The CliQr team acknowledged that not every customer is ready for application benchmarking. But in terms of early adopters, they cited oil and gas and telecommunications as two industries where high performance computing needs can add financial urgency to this kind of benchmarking.
High performance computing scenarios (like gene sequencing) entails large batch jobs where the ability to choose the right cloud and run a benchmark has immediate impact. A customer example cited on the call involved a manufacturer that needs to be able to run product simulations in a live environment. But running hundreds of nodes adds up to a big invoice pretty quickly. As Pradhan put it, 'Before they run their simulation, they are fully capable of making a decision on, 'Should I run this in HP Cloud, or should I run it in Amazon? If I run it in Amazon, which region should I run it on?'
Views on CliQr's potential
Esteban Kolsky is not easily impressed, so I was honestly a bit surprised by his optimism on CliQr. After the briefing he emailed me this comment on CliQr's prospects:
CliQR has a very interesting approach to analytics that can give IT departments perspectives about their use of cloud resources (and the most efficient way to manage them) as they never had before. An early-stage startup that is still figuring out their message and best go-to-market strategy, I am impressed with what they have done and their understanding of the value an open cloud provides that I will keep an eye on them to see their progress. In spite of being early to market, their timing is superb as most IT organizations are just now beginning to realize that managing myriad private clouds is not a solution they can sustain over the long run, and they begin to understand the demands their stakeholders are planning for their cloud infrastructure.

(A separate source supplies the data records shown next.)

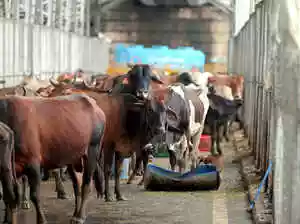 Uttar Pradesh government installs CCTV monitoring in over 4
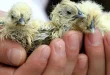 Baby Bird In the usa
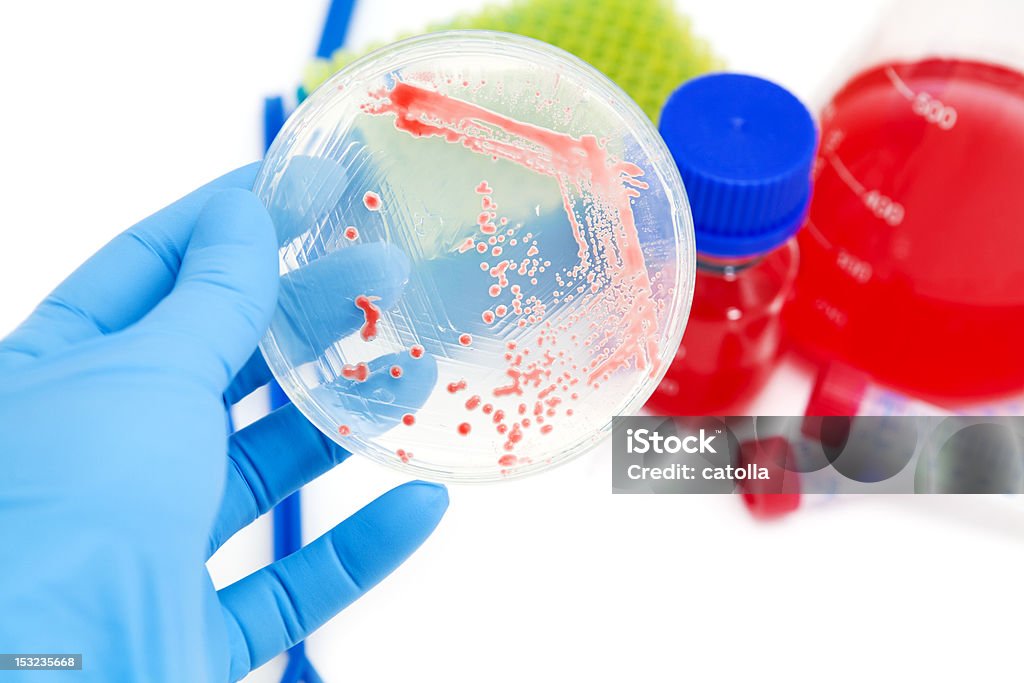 Bactérias mutantes em ágar Placa de laboratório - Royalty-free Aula de Química Foto de stock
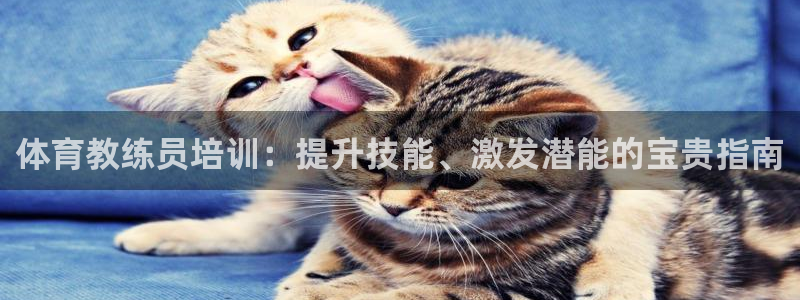 极悦平台代理怎么做：体育教练员培训：提升技能、激发潜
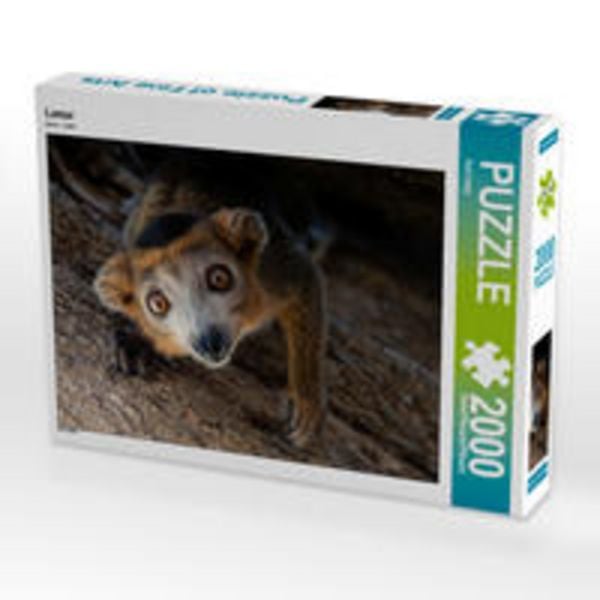CALVENDO Puzzle Lemur | 2000 Teile Lege-Größe 90 × 67 cm Foto-Puzzle für glückliche Stunden
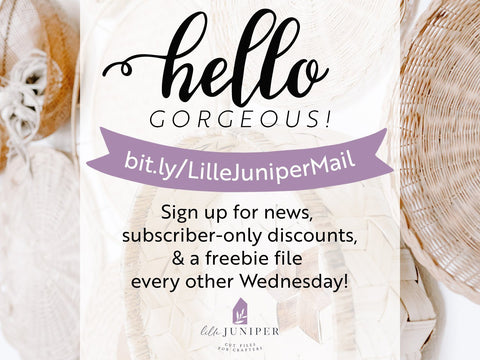 Tropical Leaf SVG | Botanical SVG | Farmhouse Sign Design SVG LilleJuniper 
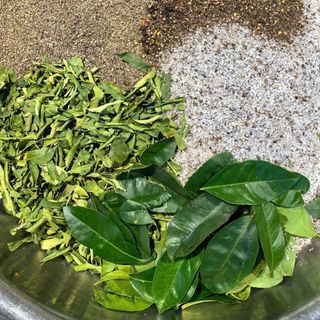 MUỐI TIÊU LÁ CHANH CHẤM GÌ CŨNG NGON 500G - WINNIE HOUSE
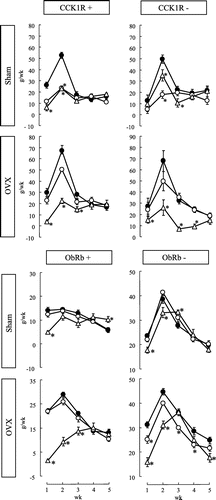 Fig. 2. Weekly changes in the amount of body weight gain in CCK1R+, CCK1R−, ObRb+, and ObRb− rats.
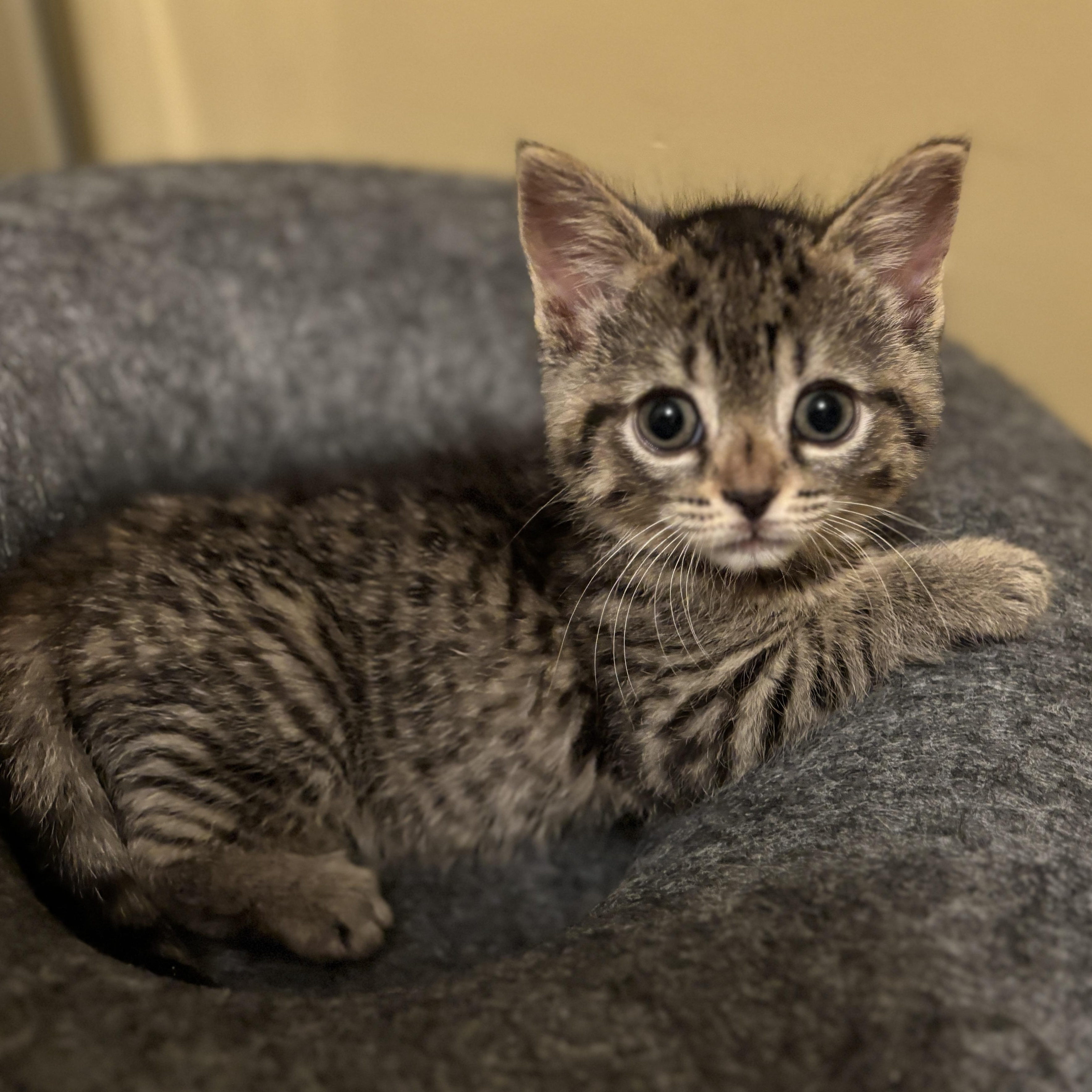 Lilac (bonded with Alfalfa)
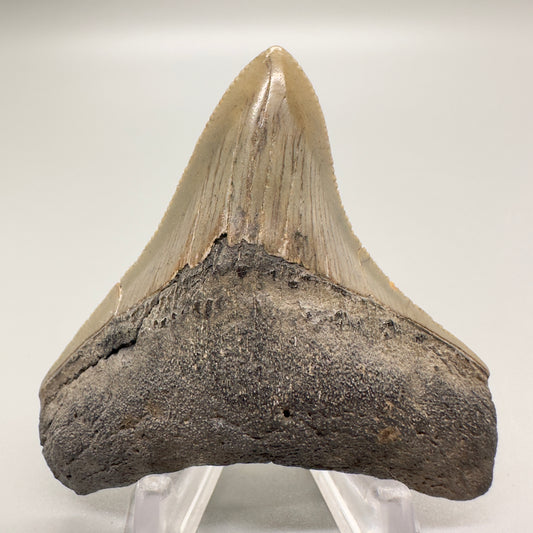 Megalodon tooth 2.45 inch from southeastern Georgia CM4501 front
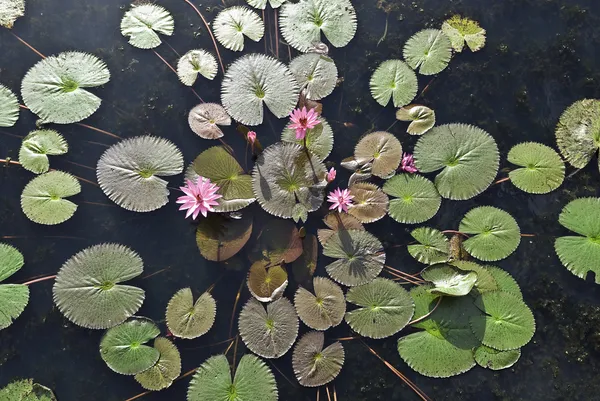 gölet üzerinde çiçek pembe lotus çiçeği veya nilüfer çiçeği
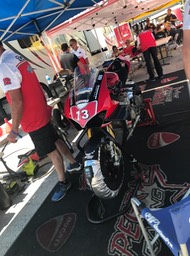 Pegram Duc
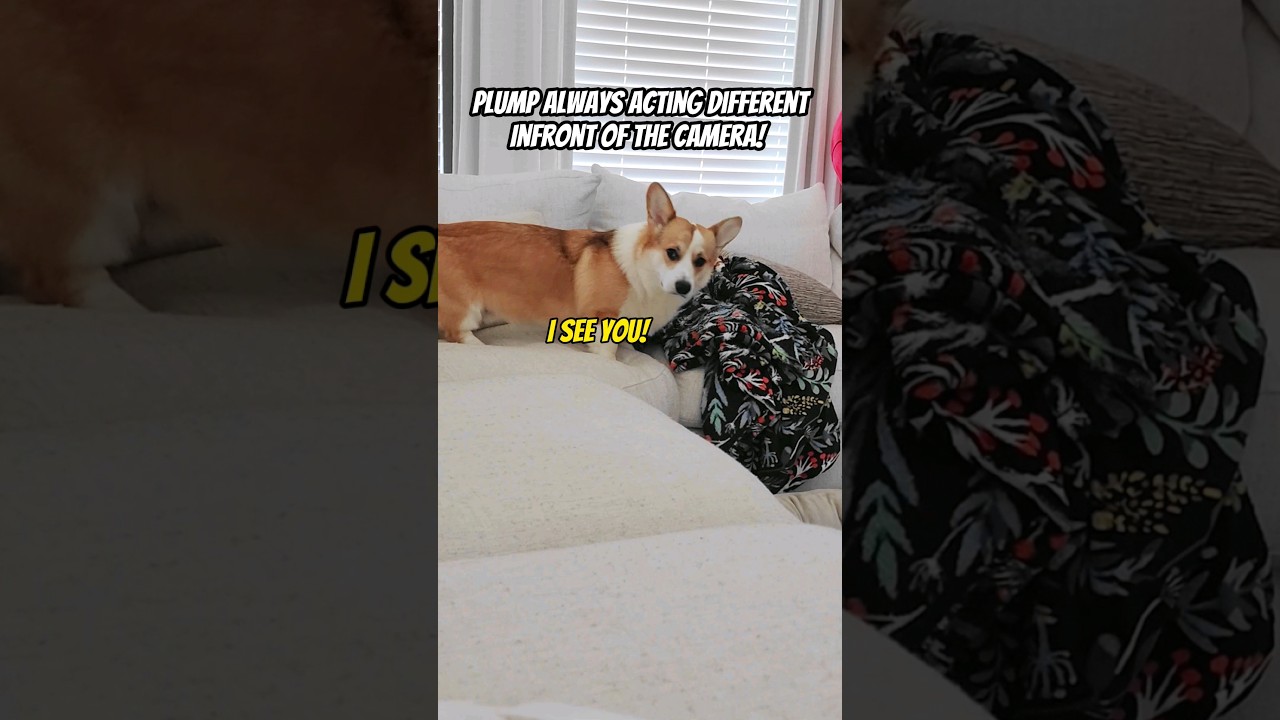 Everyone Even Dogs Act Different On Camera shorts corgi dog Everyone Even Dogs Act Different On Camera shorts corgi dog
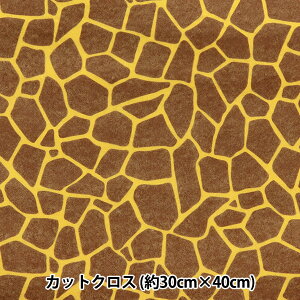 tFg wvgtFg  30cm×40cm Lx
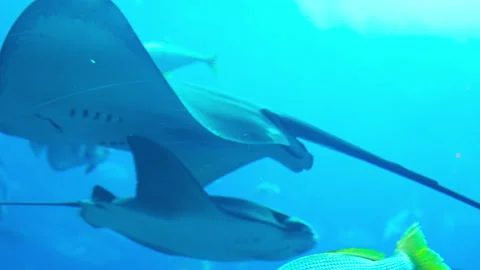 Stingrays swim in the aquarium Vídeos de archivo 164104464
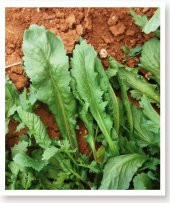 KARIŞIK YEŞİLLİK SEBZE SETİ TOHUMLARI 6 ÇEŞİT SEBZE BİNER ADET thumbnail 7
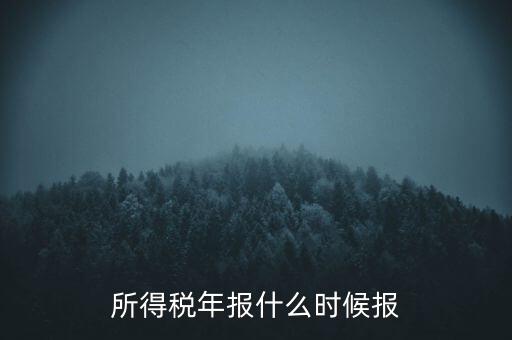 所得稅年報什么時候報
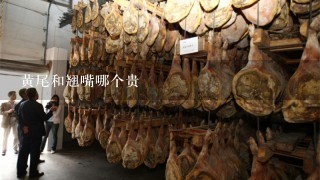 黄尾和翘嘴哪个贵 黄尾和翘嘴哪个贵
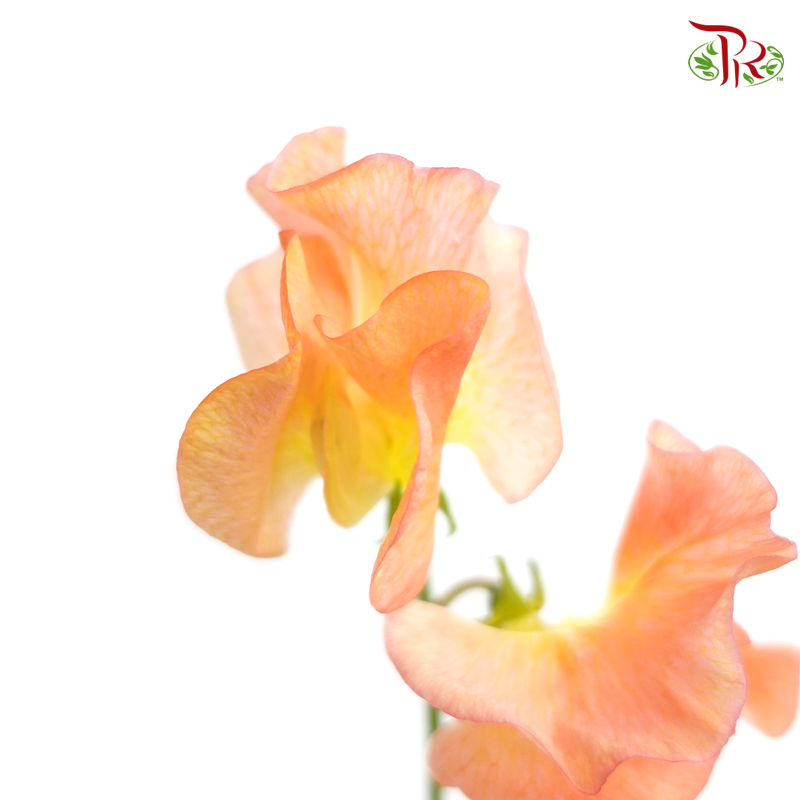 Sweet Pea - Mango Magic (5 Stems)-Orange-Japan-prflorist.com.my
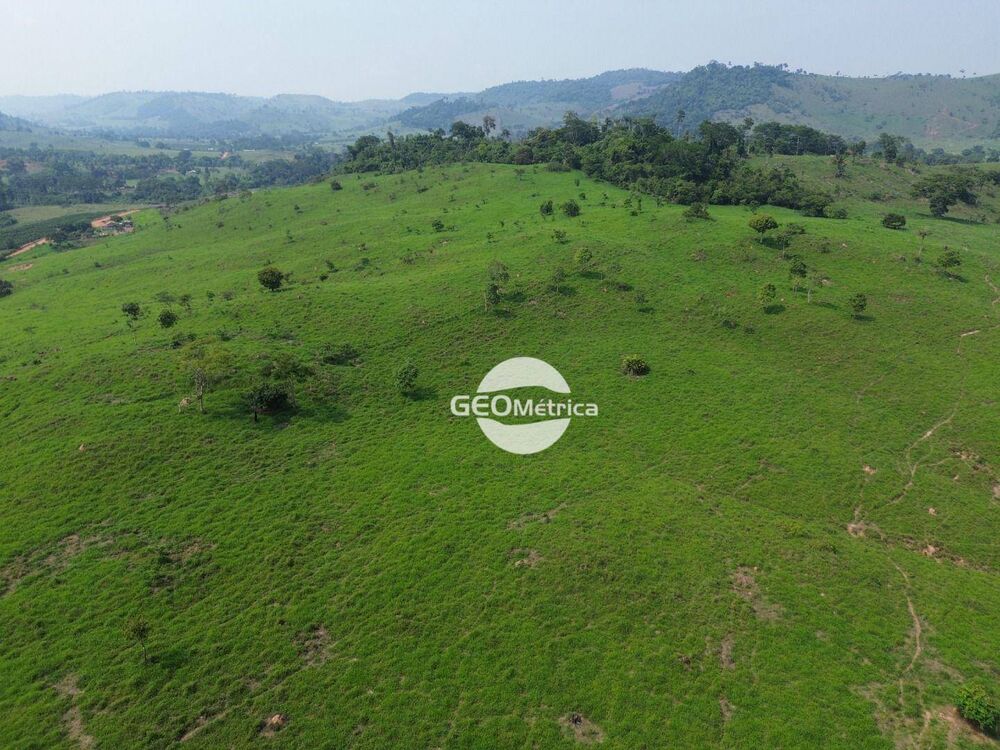 Fazenda, 250 hectares - Foto 4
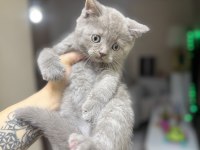 British Shorthair Lilac Rengi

Louis Columbus, another Enterprise Irregular on the briefing, told me afterwards that he sees potential in use cases involving regions where cloud data security is an issue:
I have been thinking over that briefing from the perspective of how their CloudCenter Manager working in conjunction with the CloudCenter Orchestrator have the potential to unlock new markets for cloud computing where compliance (i.e. HIPAA) and data ownership requirements imposed at the national level (like Germany) are barriers to entry today. CliQr's potential in those scenarios are interesting to think about.
For what it's worth, CliQr confirmed on the call that their offering has been well received by German companies so far.
I still don't care much for the multi-cloud buzzword, though I can see why such terminology might be needed to underscore more customer choice and flexibility than the 'hybrid' term implies. That second part, about customer choice and provisioning flexibility, I am much more bullish on - though clearly not all customers are ready to take on such chores, not matter how user-friendly the tools. Not to mention that countless terrific products have died on the enterprise vine because of go-to-market challenges. The sales and marketing side of this is another discussion for another time.
Whether CliQr has timed the market right remains to be seen, but the notion of application-specific cloud benchmarking does seem promising. I'm not sure if this gets us closer to the 'cloudbursting' scenario Kepes has dismissed as marketing 'unicorns and rainbows' (cloudbursting is the concept of frictionless shifting of resources between public and private clouds).
But it's an interesting conversation to have, and with startups like CliQr pushing the cloud performance envelope, we may be spotting unicorns sooner than some of us thought.
Image credit: Businessman standing in a desert © WavebreakmediaMicro - Fotolia.com
Disclosure: CliQr is not a client of mine nor does CliQr have an affiliation with diginomica. The Enterprise Irregulars is a loose consortium of enterprise influencers and practitioners. Phil and I are EIs; Den was a co-founder.